If you are walking in a place where you know there are poisonous serpents, you are very careful. Your gaze is directed towards the ground from where the threat can come. The invitation that God makes us through his word is to change perspective, to take on another point of view, to begin looking upwards. “I raise my eyes toward the mountains. From whence shall come my help? My help comes from the Lord…” (Psalm 121:1-2). Salvation comes from God.

Brother, sister, the poisonous serpents are always there, they just don’t go away; the reality of sin that can destroy your life is constantly lurking, ready to strike you if you give it the opportunity, but you can walk away and be save. You can look to God and move in another direction.

This account of the bronze serpent is so important that it is mentioned twice in the gospel of John. The first time is after the encounter of Jesus with Nicodemus and proposes a parallel between the raising of the serpent in the desert and the raising of Christ on the cross so that those who believe in him have eternal life.

Even today’s text takes up the theme of raising. Jesus, arguing with the Pharisees who do not believe in him, says: “When you have lifted up the Son of man, then you will know that I am he”.

Do you remember “I am”? It is the name that God revealed to Moses. They will recognize that Jesus is God when he will be lifted up, just like the serpent of Moses. The serpent is a symbol of sin, a serpent kills but another serpent saves. St. Paul, speaking of Jesus in the famous hymn of Philippians 2, says that he emptied himself, humbled himself, annihilated himself to save us. Indeed, the apostle suggests an even stronger expression: “For our sake he (God) made him to be sin who did not know sin”. (2 Cor 5:21) So, using the biblical symbol, we could say: “God made him to be serpent”. And this is the prophetic message of these readings today. The Son of man, who like a serpent was made sin, is raised up to save us.

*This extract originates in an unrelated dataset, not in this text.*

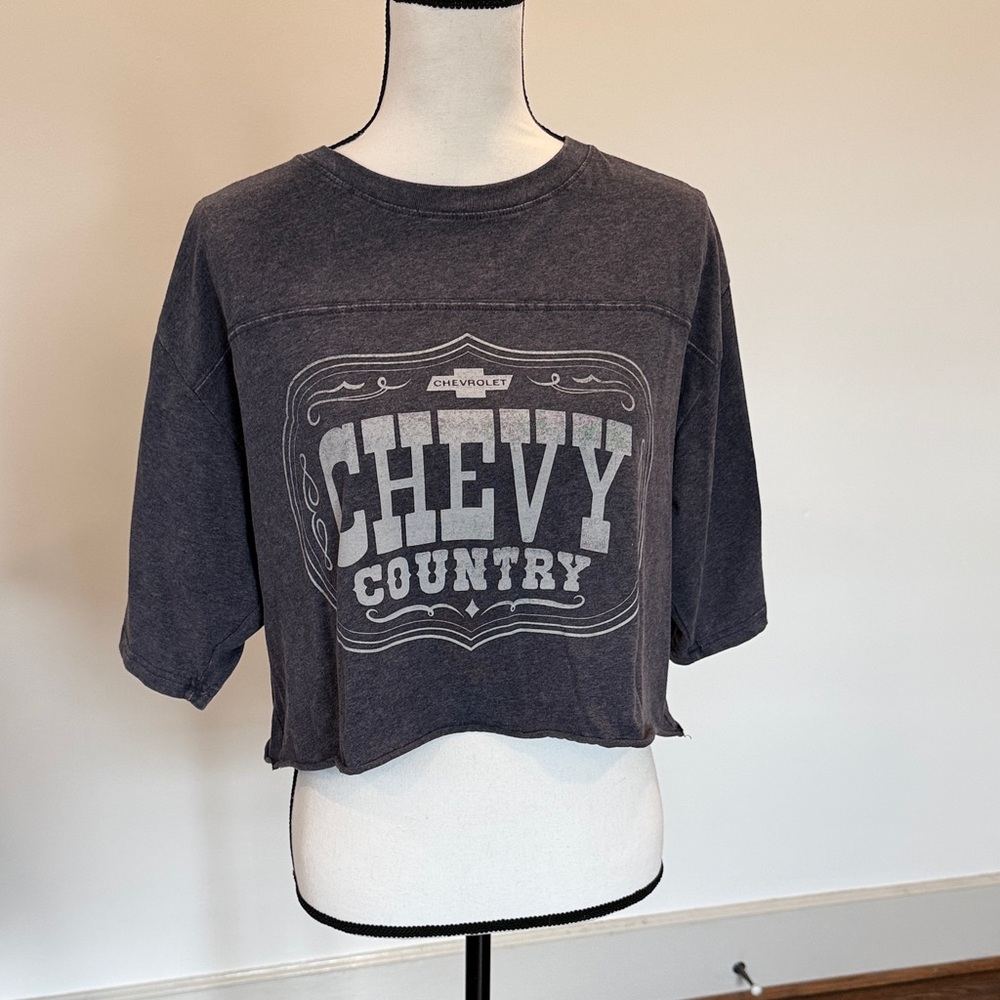 GM Chevy Country Gray Cropped T-Shirt Size Medium (8/10)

Jesus overcomes sin by emptying himself of his divinity, becoming sin. Lifted up on the cross, he raises us all. The Crucified is ​​the mystery of the annihilation of God for love. Many times we reduce that image to an amulet, to an ornamental object.

Whoever looks up and looks at the crucified Christ is saved from sin, death, from a senseless life. We think of St. Jerome praying in front of the Crucified asking him: “Do not be my judge but my savior”. We remember that on his deathbed Jerome asks that a cross be painted on the wall in front of him and in his testament he recommends us to follow the way of the Crucified, giving our life as Christ did for us.

Brothers, sisters, if we want to know the love of God, let us look up, look at the Crucified, pray the Crucified, that tortured, dead man, who is God, emptied of divinity, soiled, “made sin” for me and for you. If we remain wrapped up ourselves and do not look up, if we do not pass from the love of ourselves to the love of God, we cannot experience salvation.

O Lord, grant us the grace to be able to better understand the mystery of our salvation, help us today to lift our gaze towards you, and give us the strength to be able to do so until the last day of our life.